» **Task instructions**
Print exactly, and only, the lines from the one containing "OF TINGLES-BUBBLEGUM CRACKING" through the last line of the records below, both included; leave out the pictures.

=== Section Start ===

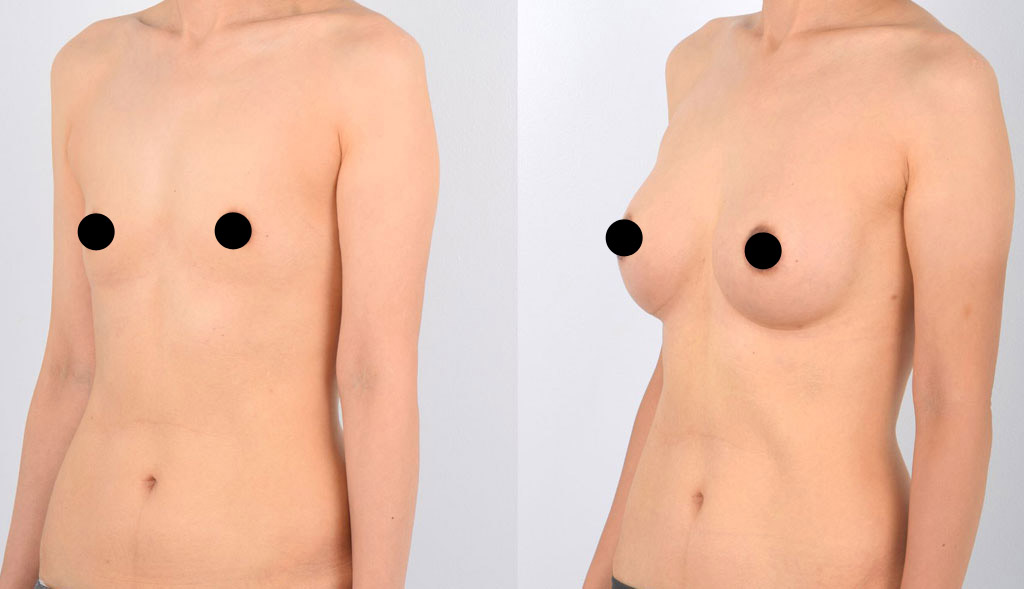 Best Breast Augmentation Los Angeles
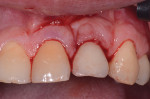 View immediately following laser-assisted peri-implant mucositis treatment with an Nd-YAG laser.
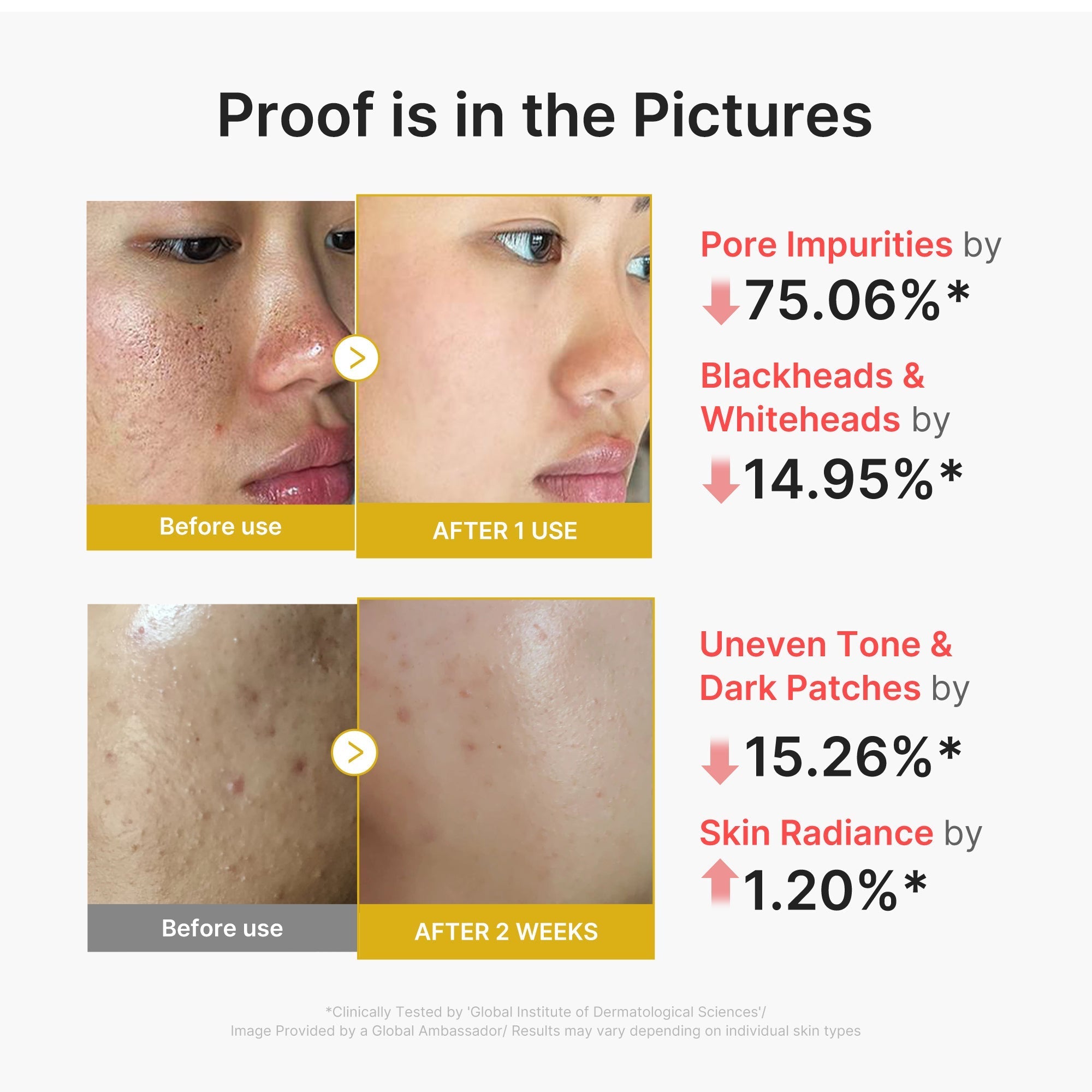 Kojic Acid Turmeric Peel Shot - Fresh Face Routine
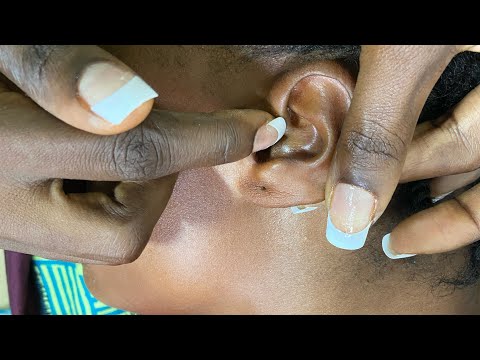 ASMR  Super Attentive deep ear cleaning A LOT OF TINGLES-BUBBLEGUM CRACKING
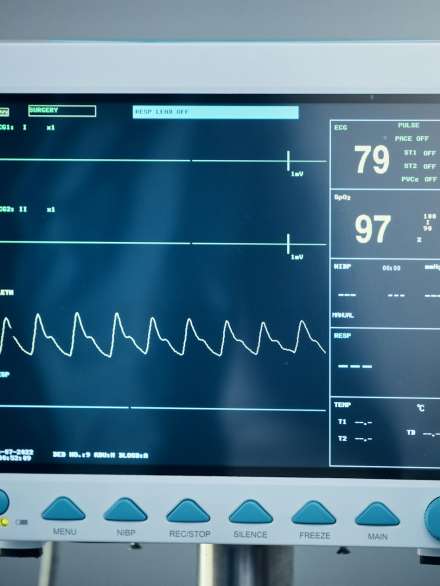 Healthcare, hospital and electrocardiogram monitor or screen. Medical tool, ecg equipment and heart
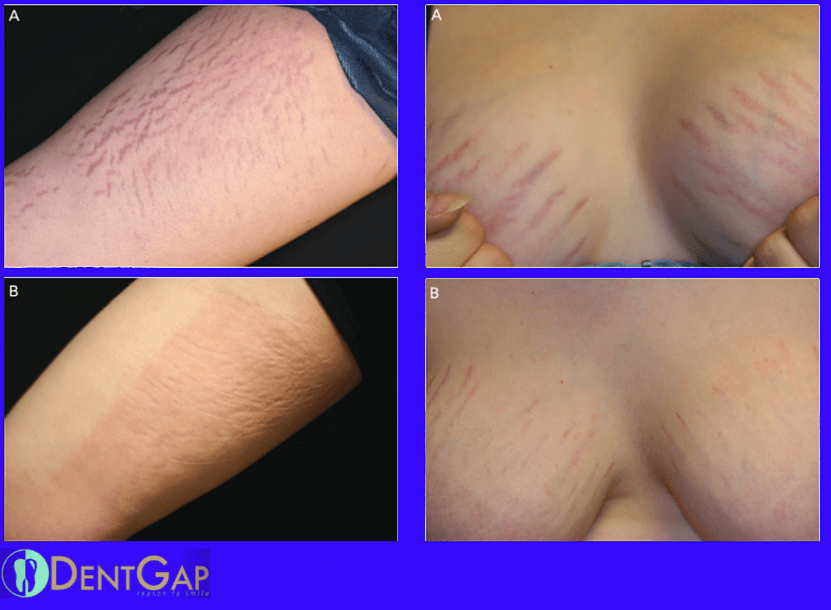 stretch mark laser removal before and after pictures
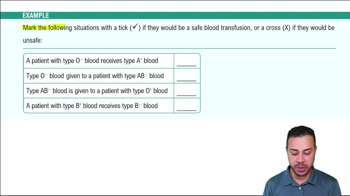 Type II Hypersensitivities Example 2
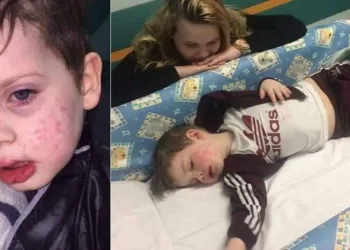 MENINO CONTRAI HERPES  COM BEIJO DE PARENTE!! ELE LUTA PELA VIDA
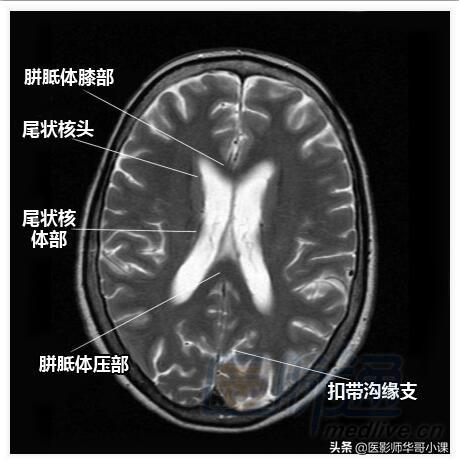 颅脑mri(头部MRI)插图(10)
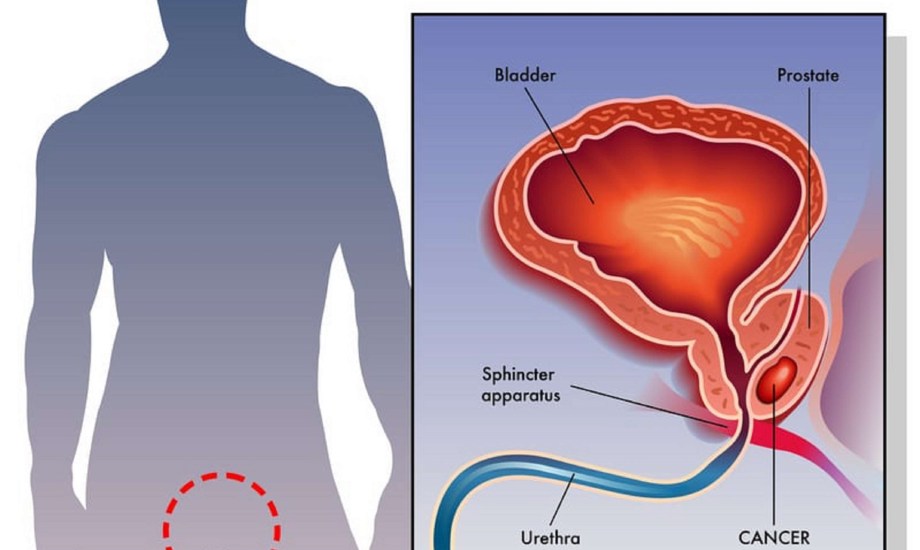 هل يمكن أن يسبب سرطان البروستاتا ضعف الانتصاب؟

=== Section End ===

» **Exercise solution**
 ASMR  Super Attentive deep ear cleaning A LOT OF TINGLES-BUBBLEGUM CRACKING
 Healthcare, hospital and electrocardiogram monitor or screen. Medical tool, ecg equipment and heart
 stretch mark laser removal before and after pictures
 Type II Hypersensitivities Example 2
 MENINO CONTRAI HERPES  COM BEIJO DE PARENTE!! ELE LUTA PELA VIDA
 颅脑mri(头部MRI)插图(10)
 هل يمكن أن يسبب سرطان البروستاتا ضعف الانتصاب؟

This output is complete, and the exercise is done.